Ponadto, rozporządzenie Ministra Zdrowia wprowadziło pierwotnie stan zagrożenia epidemicznego, a nie stan epidemii SARS-CoV-2. Ustawa z dnia 5 grudnia 2008 r. o zapobieganiu oraz zwalczaniu zakażeń i chorób zakaźnych (Dz. U. 2008 r. Nr 234, poz. 1570.) u ludzi statuuje definicję epidemii. Jest to: „wystąpienie na danym obszarze zakażeń lub zachorowań na chorobę zakaźną w liczbie wyraźnie większej niż we wcześniejszym okresie albo wystąpienie zakażeń lub chorób zakaźnych dotychczas niewystępujących”[8]. Gdy w klauzuli umownej pojawi się termin – „epidemia” jako siła wyższa, przed ogłoszeniem stanu epidemii, druga strona kontraktu mogłaby zasłaniać się literalnym brzmieniem przepisów rozporządzenia i upoważniającej ustawy. Niemniej jednak, w procesie interpretacji takich postanowień umownych zasadne wydaje się odejść od wykładni językowej i systemowej. Wszak nie jest to akt prawny, a w procesie badania oświadczeń woli należy w pierwszej kolejności kierować się zgodnym zamiarem stron i celem, dla którego dane postanowienie zostało ustanowione. Co więcej, okolicznością uznaną za siłę wyższą, uzasadniającą nieponoszenie odpowiedzialności za naruszenie zobowiązania, może być nie sama epidemia, lecz wspomniany już akt władzy państwowej – chociażby w postaci przywołanego we wstępie, obowiązującego rozporządzenia Ministra Zdrowia. Wiele branż obrotu gospodarczego bardzo dotkliwie odczuło restrykcje stanu zagrożenia epidemicznego, a następnie epidemii. Trudno zatem nie nazwać siłą wyższą sytuacji, gdy dany podmiot nie może spełnić swojego świadczenia, podczas gdy de facto zabrania mu tego akt władzy państwowej o mocy powszechnie obowiązującej, jak na przykład w przypadku organizacji przyjęcia w restauracji. Zestawienie in abstracto takich zależności wydaje się jednak nie być możliwe, a funkcjonalnie wręcz bezzasadne. W obrocie prym wiodą umowy ukształtowane ku realizacji indywidualnych interesów stron, których nie da się zgeneralizować, a każdy przypadek należy rozpatrywać indywidualnie.
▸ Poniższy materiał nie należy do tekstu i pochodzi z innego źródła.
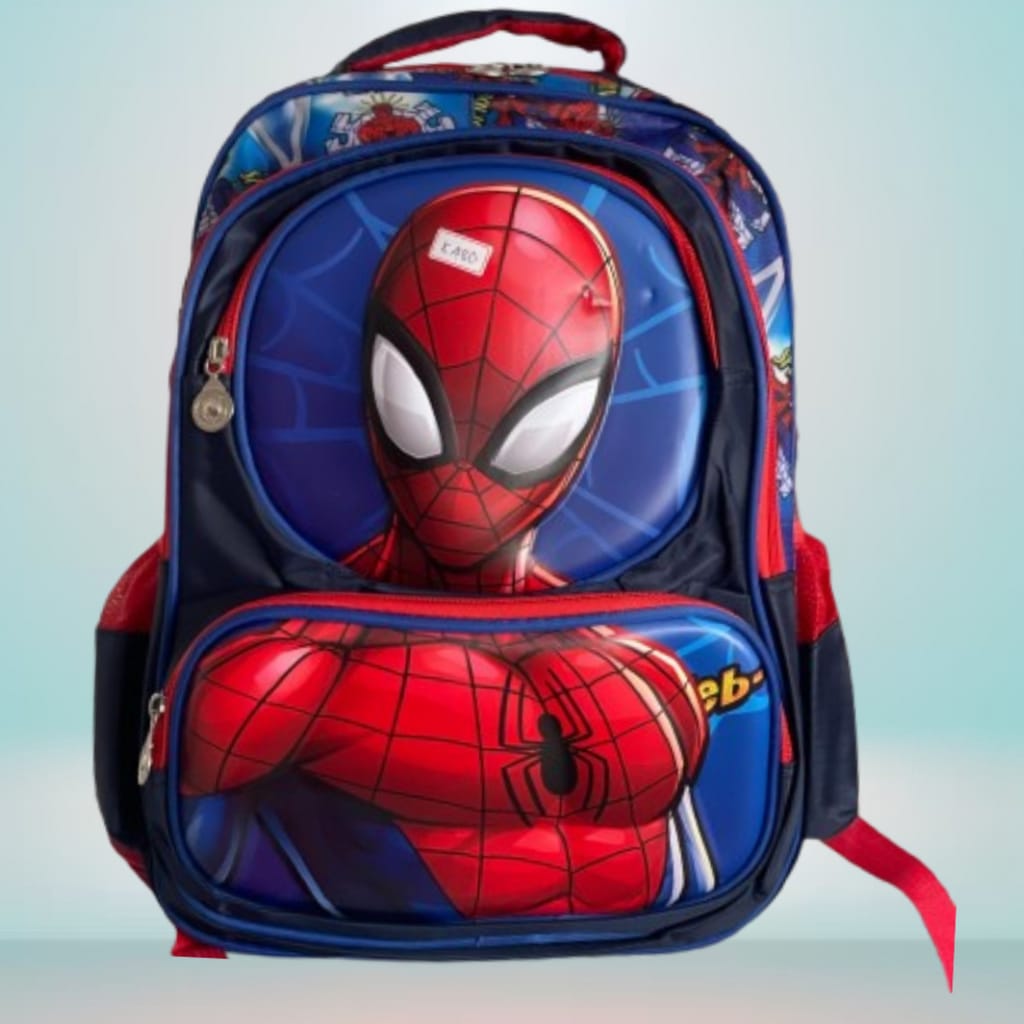 Charater School Bags - 16 inch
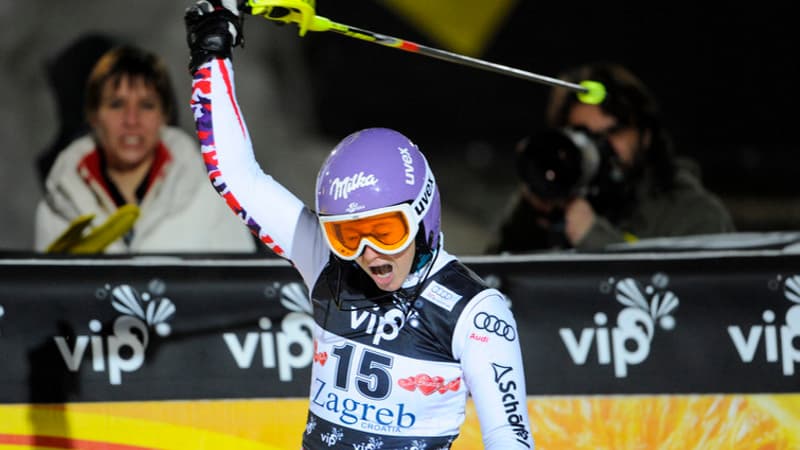 Michaela Kirchgasser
Inną instytucją prawa cywilnego – remedium na zaskakujące zmiany okoliczności podczas trwania stosunku zobowiązaniowego jest opisana w art. 3571 kodeksu cywilnego[9] konstrukcja tzw. dużej rebus sic stantibus – „skoro sprawy przybrały taki obrót”. Jest to rodzaj uprawnienia, które w razie „nadzwyczajnej zmiany stosunków”, przy spełnieniu określonych przesłanek można realizować przed sądem, a ten możny jest do oznaczenia sposobu wykonania zobowiązania, zmienić wysokość świadczenia lub nawet orzec o rozwiązaniu umowy. Instytucja ta jest niezwykle rzadko stosowana praktyce ze względu na swój wyjątkowy charakter. Być może stan rozprzestrzeniania się koronawirusa jest właśnie taką sytuacją wyjątkową, gdzie zastosowanie znajdują ekstraordynaryjne środki.
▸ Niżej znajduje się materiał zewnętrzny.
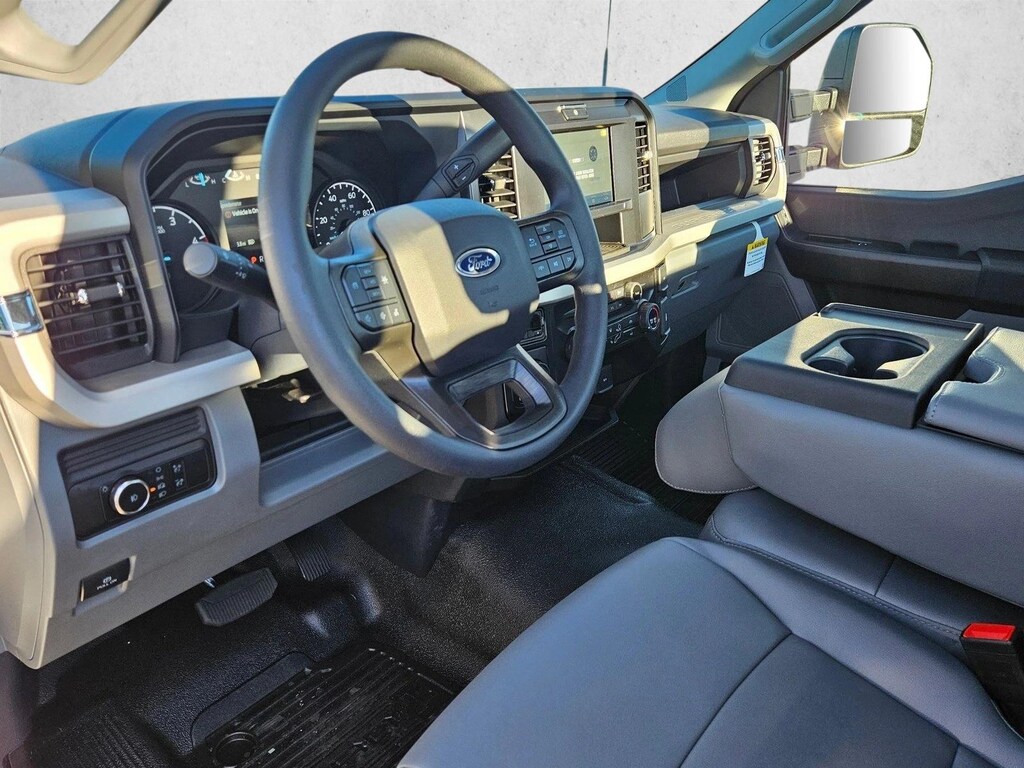 New 2026 Ford F-550 Chassis XL Truck Regular Cab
By móc realizować uprawnienie z art. 3571 k.c. musi wystąpić okoliczność stanowiąca nadzwyczajną zmianę stosunków, z powodu której spełnienie świadczenia połączone byłoby z nadmiernymi trudnościami lub groziłoby jednej ze stron rażącą stratą. Zakres „nadzwyczajnej zmiany” w dużej mierze pokrywa się z doktrynalnym rozumieniem siły wyższej. Zjawisko to musi bowiem być zewnętrzne, powszechne, wyjątkowe, wykraczające poza zwykłe ryzyko kontraktowe[10]. Co więcej, w sytuacji zagrożenia epidemicznego – epidemii, nietrudno wyobrazić sobie sytuację, gdy spełnienie świadczenia narażałoby stronę na nadmierne trudności. Nadmierne trudności przy spełnieniu świadczenia mogą dotyczyć wyłącznie sytuacji dłużnika, który w celu prawidłowego spełnienia świadczenia (zgodnie z dotychczasową treścią zobowiązania) powinien podjąć działania nieracjonalne, zagrażające życiu czy zdrowiu jego lub osób, którymi się posługuje[11]. Nietrudno wyobrazić sobie obecnie sytuację, gdy człowiek kwalifikujący się do tzw. „grupy ryzyka” ze względu na wiek i dodatkowo powracający zza granicy musi odbyć przymusową kwarantannę. Tym samym nieracjonalne i bezpośrednio zagrażające jego zdrowiu (a możliwe, że nawet życiu) mogłoby być opuszczenie miejsca kwarantanny w celu spełnienia konkretnego świadczenia. Nie wspominając już o odpowiedzialności karnej takiej osoby.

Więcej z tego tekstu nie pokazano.